A new snow tubing facility opened in 2012 with twenty tubing lanes over 1000 ft in length and a covered conveyor lift. A new lodge houses ticket sales, food and beverage options, rental items, conference rooms, and banquet facilities. Wilmot Mountain's Snow Tubing Area was built in a separate area so it does not draw guests away from the existing skiing and snowboarding runs.

The longest ski & snowboard run, "State Line," parallels the Illinois / Wisconsin border—a small section near the top is in Illinois. The terrain park at Wilmot Mountain has a full combination of beginner to advanced boxes, rails and jibbing features.

Wilmot Mountain has a full-service ski and snowboard school with over 300 certified instructors and a comprehensive children's program. It also has an award-winning National Ski Patrol group.

===Alpine racing===
Wilmot has an active race program and is the destination of many race clubs and groups. Weekly race training is run in the evenings by their on-site race program. The Chicago Metropolitan Ski Council (CMSC) holds Slalom or Giant Slalom races eight days each season using two newly contoured runs designed with racing in mind.
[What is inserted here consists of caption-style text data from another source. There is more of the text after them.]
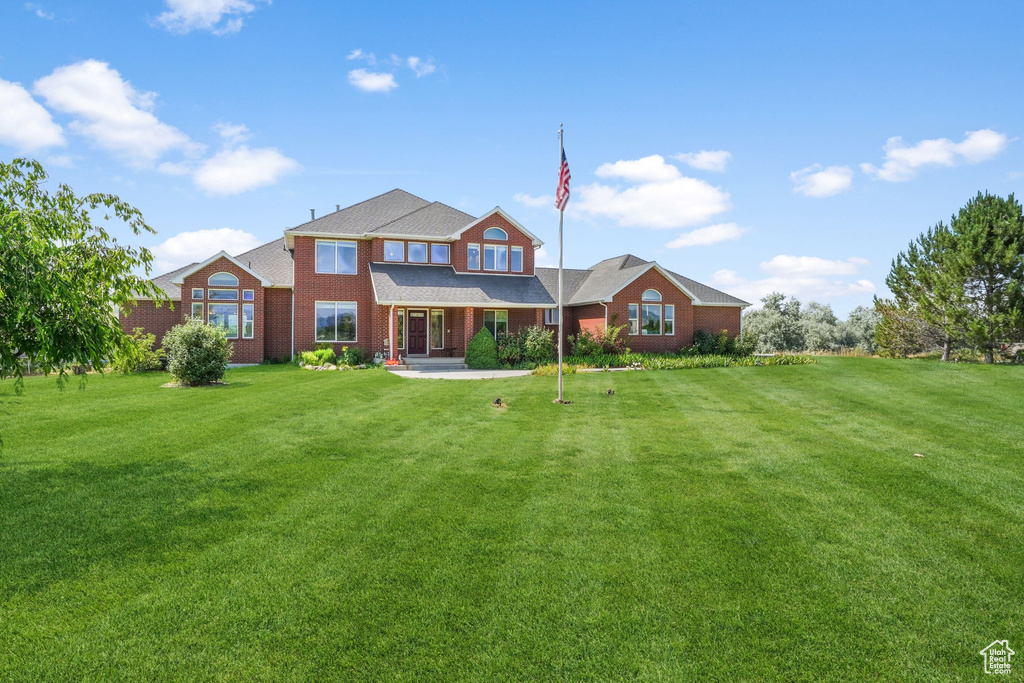 Back of property with a yard and brick siding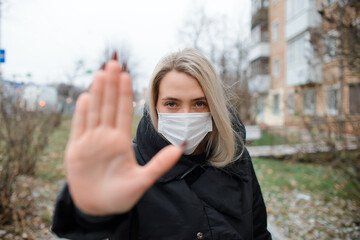 Young woman in medical face mask showing STOP gesture. Portrait of a girl outside in winter, selective focus on the face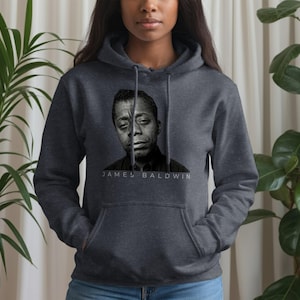 Könnte beinhalten: Ein dunkelgrauer Kapuzenpullover mit einem Schwarz-Weiß-Porträt von James Baldwin. Der Name "JAMES BALDWIN" ist darunter in Weiß gedruckt. Der Hoodie hat eine Kapuze, eine Vordertasche und lange Ärmel.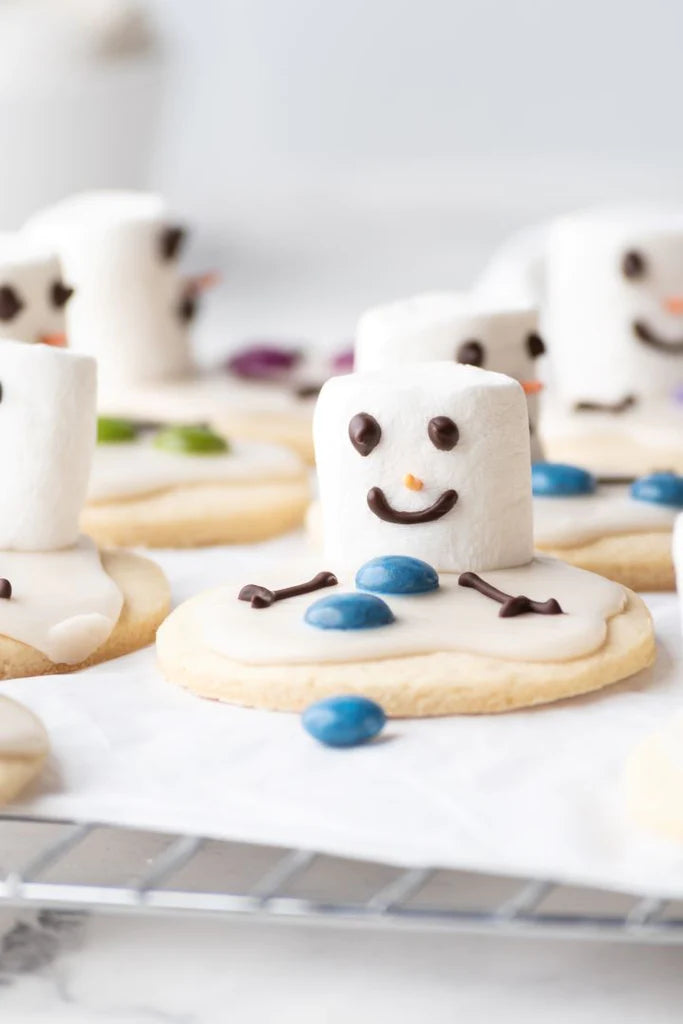Grain-free cut-out sugar cookie decorated to look like a melting snowman. Decorated with icing, colored candies, chocolate and marshmallow.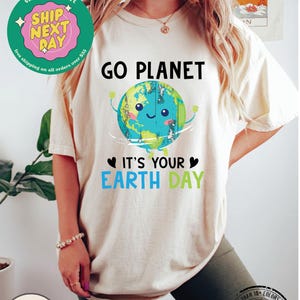 May include: A white t-shirt with a green, blue, and brown cartoon earth graphic. The text "GO PLANET" is above the earth and the text "IT'S YOUR EARTH DAY" is below the earth. The shirt is being worn by a person with long blonde hair.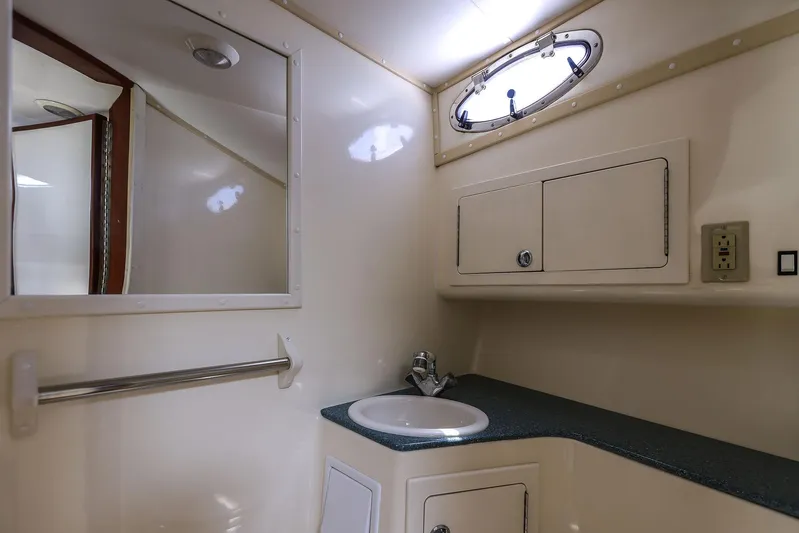 Patriot Yacht Photos Pics 2005 Carolina Classic 32 boat bathroom with sink, mirror, and storage cabinets.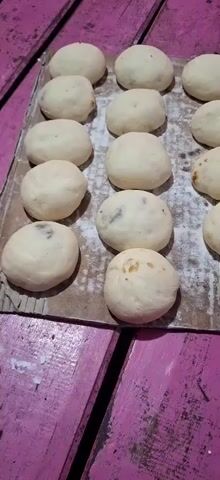 A close-up overhead shot shows a baking sheet lined with parchment paper. Arranged on the parchment paper are approximately 15 small, round, light-colored dough balls. Some of the dough balls have visible darker flecks, suggesting inclusions like raisins or chocolate chips. The baking sheet is placed on a pink wooden surface, which appears to be a table or countertop with visible planks and grain. The lighting is dim, casting shadows and highlighting the texture of the dough.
NASTAR races were held weekly until 2004. In 2017, NASTAR racing returned to Wilmot Mountain.

===Snowmaking===
Wilmot started making their own snow in 1952 using Joe Tropiano snow machines, basically a lawn watering device with heaters to prevent freezing. Today they use a combination of older and new, high-tech snow-making equipment. Wilmot makes snow whenever the temperature drops low enough, even during hours of operation.

==History==
- In 1938, Walter Stopa bought the property from a local farmer and founded Wilmot Hills. He started off with a rope tow, which was powered by the drive mechanism from a Model A Ford.
- In 1968, Walter added the first Wilmot chairlift. Walter died on June 10, 1986, and his daughter Diane Reese and son-in-law Michal Reese took over as owner and general manager.
- In 1989, Diane, and Michal added the Iron Kettle dining facility.
- In 2001, Dennis Sheen, Diane's son in-law, took charge as general manager.
- In 2011, Snow Tubing was added to Wilmot Mountain lineup.
- In January 2016, Diane Reese sold Wilmot Mountain to Vail Resorts.
- In March 2016, Taylor Ogilive became the general manager for Wilmot Mountain.
- In summer of 2016, Vail Resorts invested more than $13 million in renovations.

===Auto racing===
The roads surrounding the parking lot and resort have a very unusual shape, including a hairpin curve. The design resembles a race track oval, and with good reason - there used to be a race course on the grounds. From 1954 to 1967, the ski resort was home to Wilmot Hills Race Course.

===Location===
Wilmot Mountain is located at coordinates , just 1/2 mile south of Wilmot, Wisconsin.